Re: [xsl] A super-efficient way to compute the sum of A[i] * B[i] for i=1 to n?

["Martin Honnen martin.honnen@xxxxxx" <xsl-list-service@xxxxxxxxxxxxxxxxxxxxxx>]

Am 09.05.2020 um 13:59 schrieb Costello, Roger L. costello@xxxxxxxxx:
> Hi Folks,
>
> I need a super-efficient way to compute the sum of A[i] * B[i] for i=1 to
n.
> For example, suppose A is this:
>
> <row>
>      <col>0.9</col>
>      <col>0.3</col>
> </row>
>
> and B is this:
>
> <row>
>      <col>0.2</col>
>      <col>0.8</col>
> </row>
>
> I want to compute:
>
> (0.9 * 0.2) + (0.3 * 0.8)
>
> Here's one way to do it:
>
> sum(for $i in 1 to count($A/col) return number($A/col[$i]) *
number($B/col[$i]))
> I suspect that is not the most efficient approach.
>
> What is the most efficient approach?

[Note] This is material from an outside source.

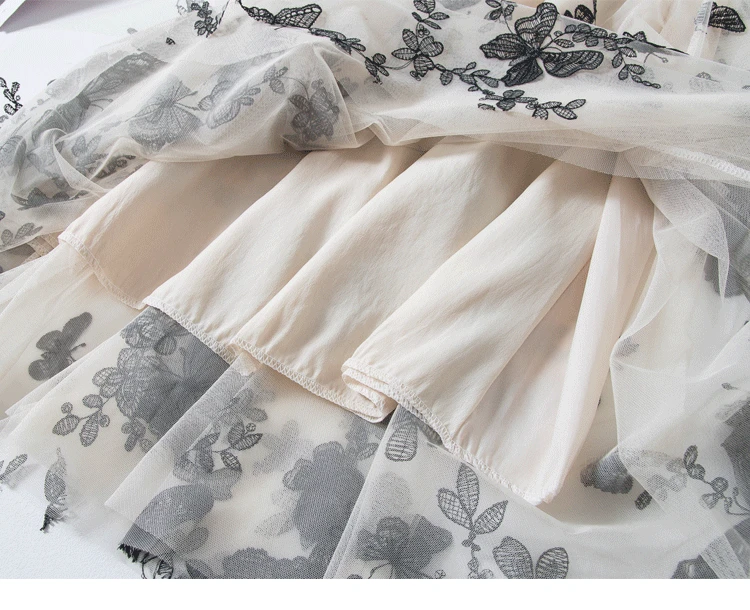 

High quality Embroidery skirts womens Summer autumn 2020 vintage Ol elegant retro midi skirts women Butterfly Mesh Long Skirt
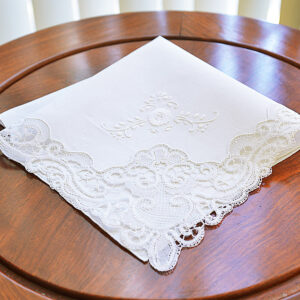 Classic Venetian Lace Handkerchiefs. Large. 17×17″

I will be doing hundreds of thousands
of these computations, so I want to use the most efficient approach.

You can express it a bit more nicely in XPath 3 with higher-order
functions as

  sum(for-each-pair($A/col, $B/col, function($a, $b) { $a * $b}))

but whether that performs better or worse is something you can only measure.